[What is expected] You are asked to copy the entire listing exactly, apart from its pictures.

§ §

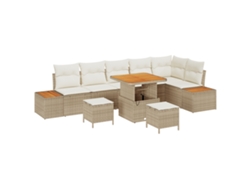 Conjunto de sofá de jardín Vidaxl de 9 piezas con cojines en ratán de acacia beige
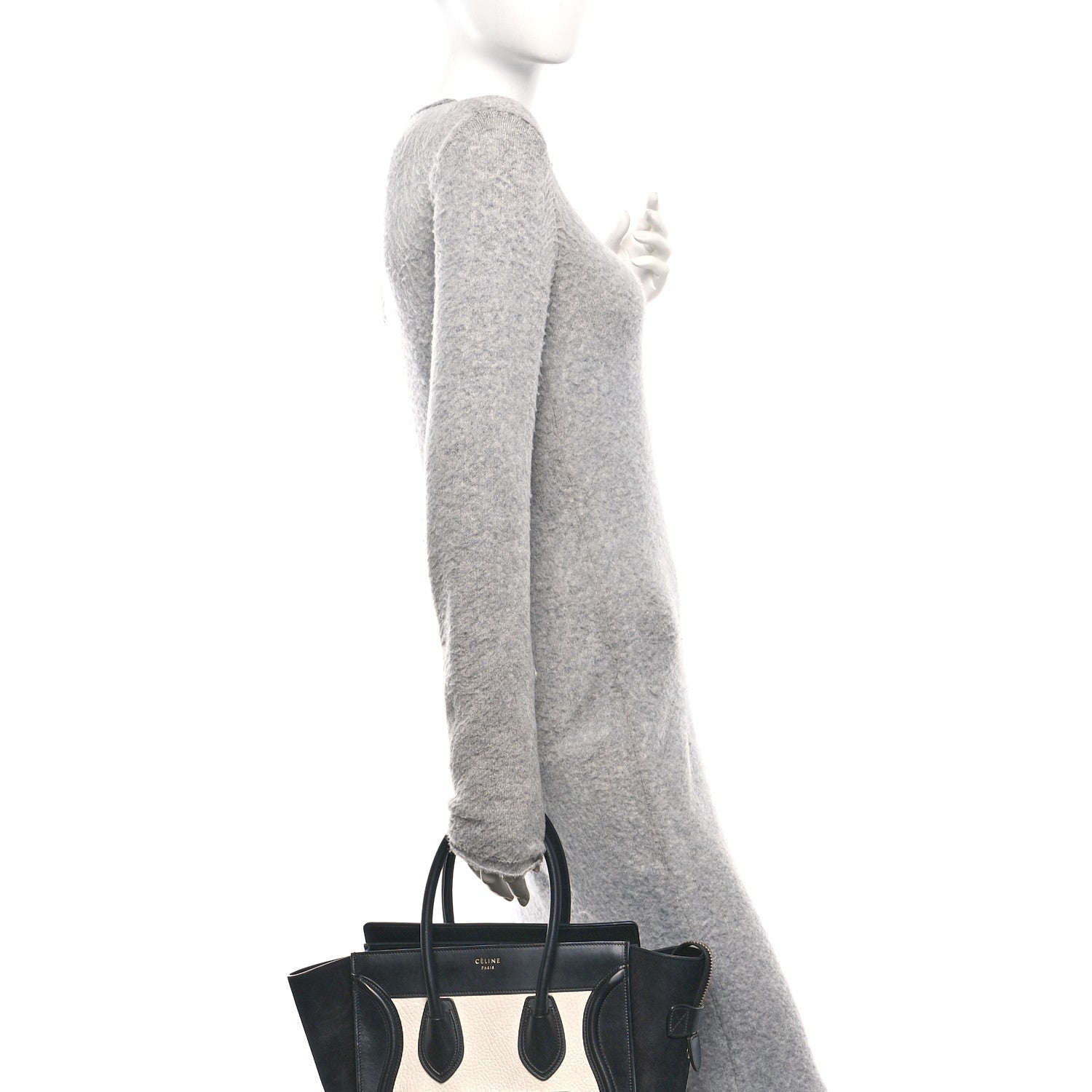 Celine Bullhide Calfskin Micro Bi-Color Luggage Black White 2 of 10
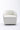 25" Ivory White Round Teddy Fabric Swivel Accent Barrel Chair with Black Base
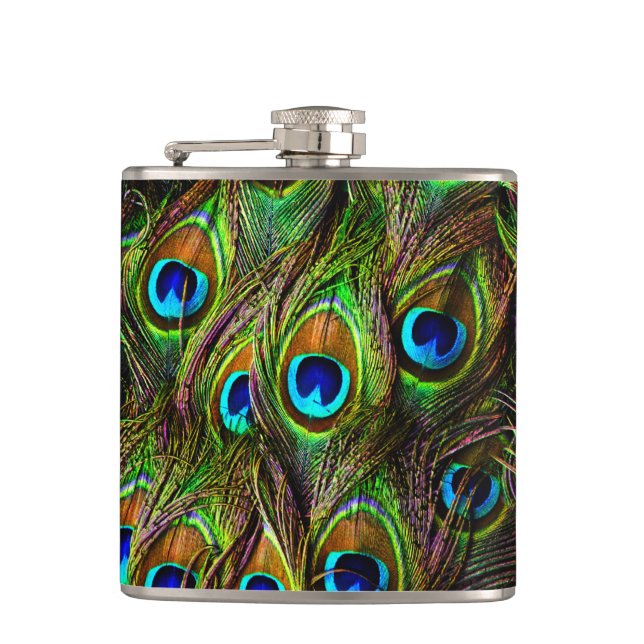 Peacock Feathers Invasion Hip Flask (Front)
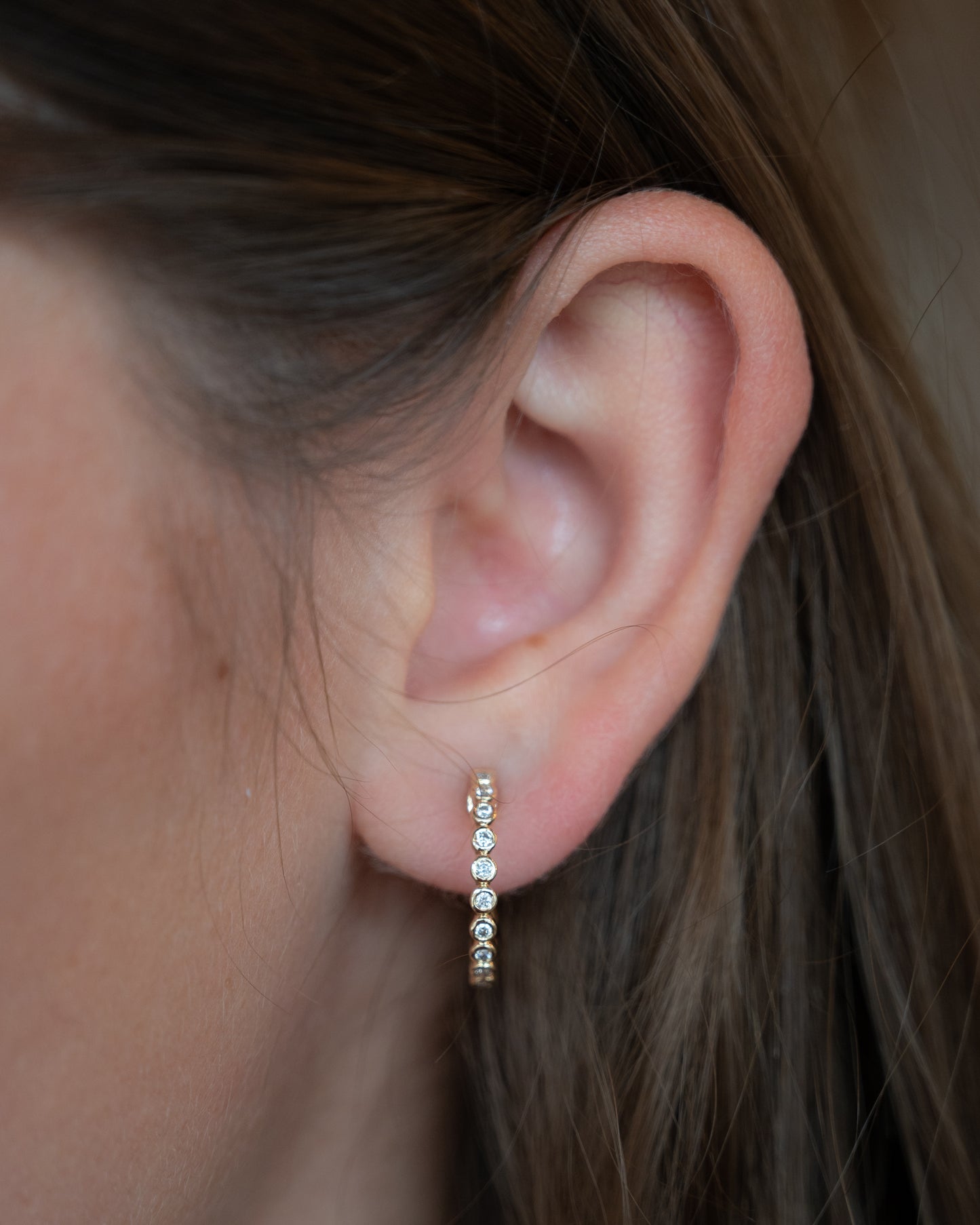 .27 Bezel Diamond Hoop Earrings in 14k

§ §

[Answer box]
 Conjunto de sofá de jardín Vidaxl de 9 piezas con cojines en ratán de acacia beige
 Celine Bullhide Calfskin Micro Bi-Color Luggage Black White 2 of 10
 25" Ivory White Round Teddy Fabric Swivel Accent Barrel Chair with Black Base
 Peacock Feathers Invasion Hip Flask (Front)
 .27 Bezel Diamond Hoop Earrings in 14k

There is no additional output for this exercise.